(DataExpert.io) Bootcamp - Day 1 - Lab
Goal : Create a cumulative table design
Problem overview
We have a table containing the stats for the NBA players, there’s one record for each player’s season.
postgres=# \d player_seasons;
Table public.player_seasons
Column | Type |
---|---|
player_name | text |
age | integer |
height | text |
weight | integer |
college | text |
country | text |
draft_year | text |
draft_round | text |
draft_number | text |
gp | real |
pts | real |
reb | real |
ast | real |
netrtg | real |
oreb_pct | real |
dreb_pct | real |
usg_pct | real |
ts_pct | real |
ast_pct | real |
season | integer |
Indexes:
"player_seasons_pkey" PRIMARY KEY, btree (player_name, season)

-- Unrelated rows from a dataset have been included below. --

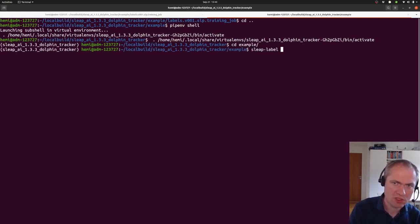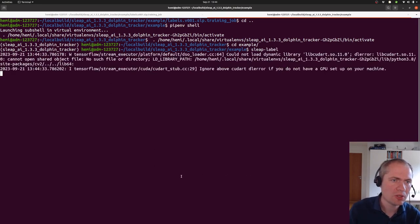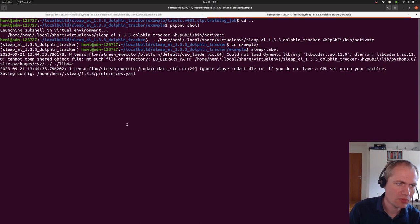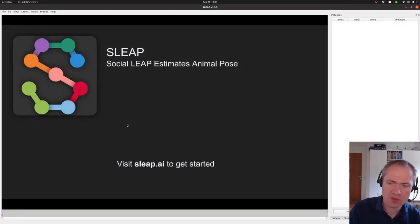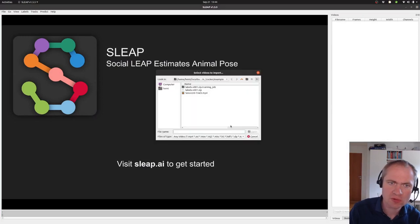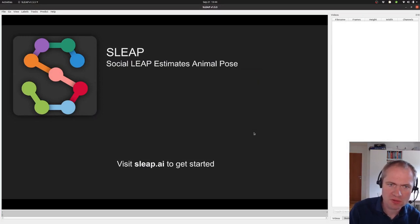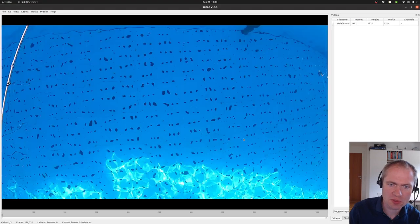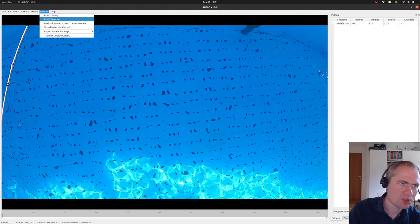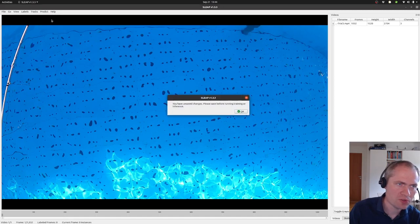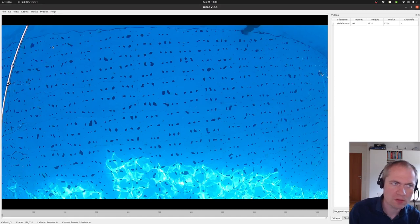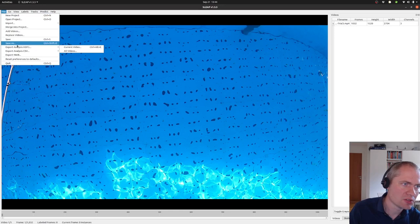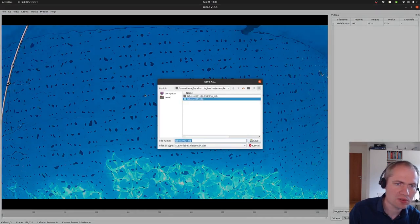So SLEAP label as we had before. For this to work, we need to load a new video. We had the same example as before, we just imported. And then we can run the prediction step here or run inference.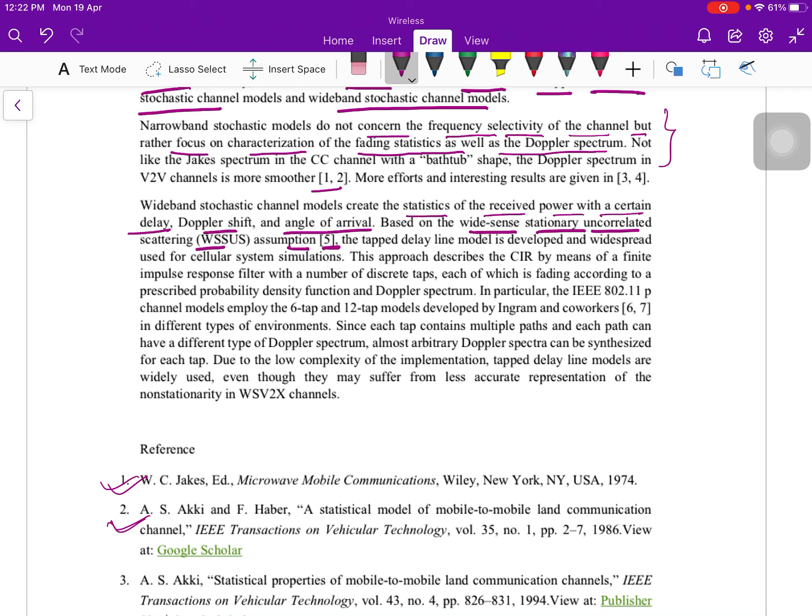The tap delay line model is developed and widespread used for cellular system simulation in the two dimensions.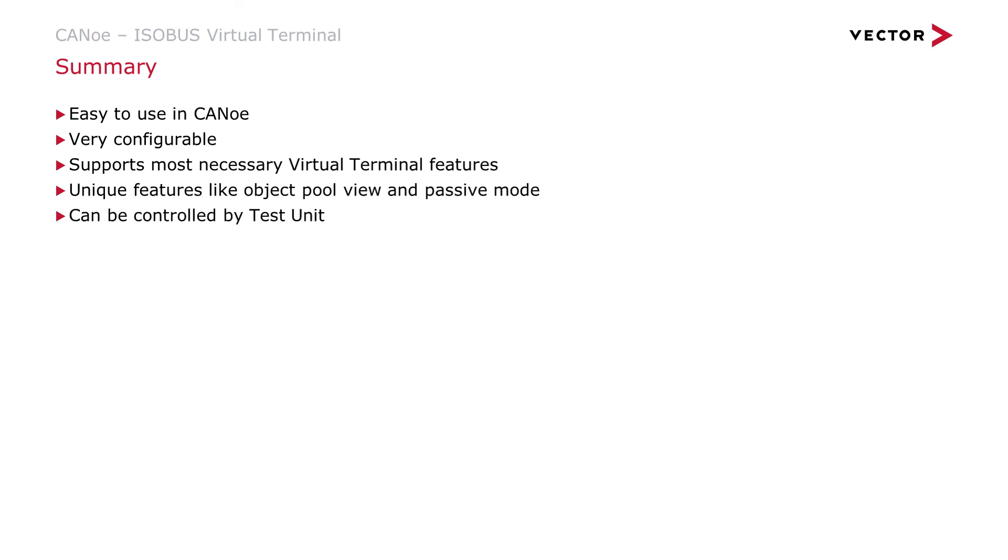And there is another feature I haven't mentioned yet. The terminal can also be controlled by the test unit. Thank you for viewing this video and good luck trying out the virtual terminal of CANoe.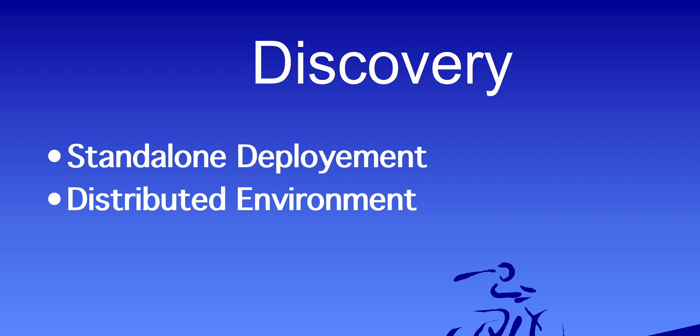These are the highlight points where you can discover the customer environment. That's all about this video. I will come with the next video and explain further how we can perform the upgrade and other activities. Thank you.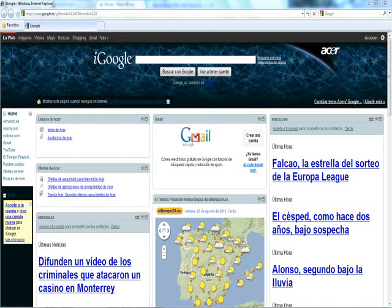Hey YouTube, this is iKreptio from iKreptio.com, and in this video I'll show you how to reveal or show passwords hidden behind stars or asterisks. This is really useful if you have physical access to the computer of your victim, or if you have a RAT victim and you really want their password.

We have a temporal data problem with the table where joining the table with another would cause shuffling of the players records (same player statics won’t be following each other) making run-length encoding compression less efficient
Run-Length Encoding
Run-Length Encoding is a simple data compression algorithm that encodes consecutive repeated data elements (runs) as a single value plus a count of its repetitions.
Instead of storing the repeated data multiple times, it stores the data value and the number of times it appears consecutively.
We are going to transform the table to have one row per player with a column of arrays of the player seasons.
Cumulative table design
The cumulative design serves two distinct but complementary purposes:
Join/GroupBy Optimization:
- By storing temporal data (seasons) together in arrays, we optimize for:
- Fewer rows to join
- Less data shuffling during grouping
- Better data locality
- By storing temporal data (seasons) together in arrays, we optimize for:
RLE Compression: When we later explode/unnest the arrays, the data will naturally group temporal values together, making RLE more efficient.
What things are part of a season and what things aren’t ?
We want to store the temporal component in it’s own data type.
We create a STRUCT
named season_stats
with Postges :
CREATE TYPE season_stats AS (
season INTEGER,
gp INTEGER,
pts REAL,
reb REAL,
ast REAL
)
We don’t take all the season statistics in this struct as we won’t need all of them.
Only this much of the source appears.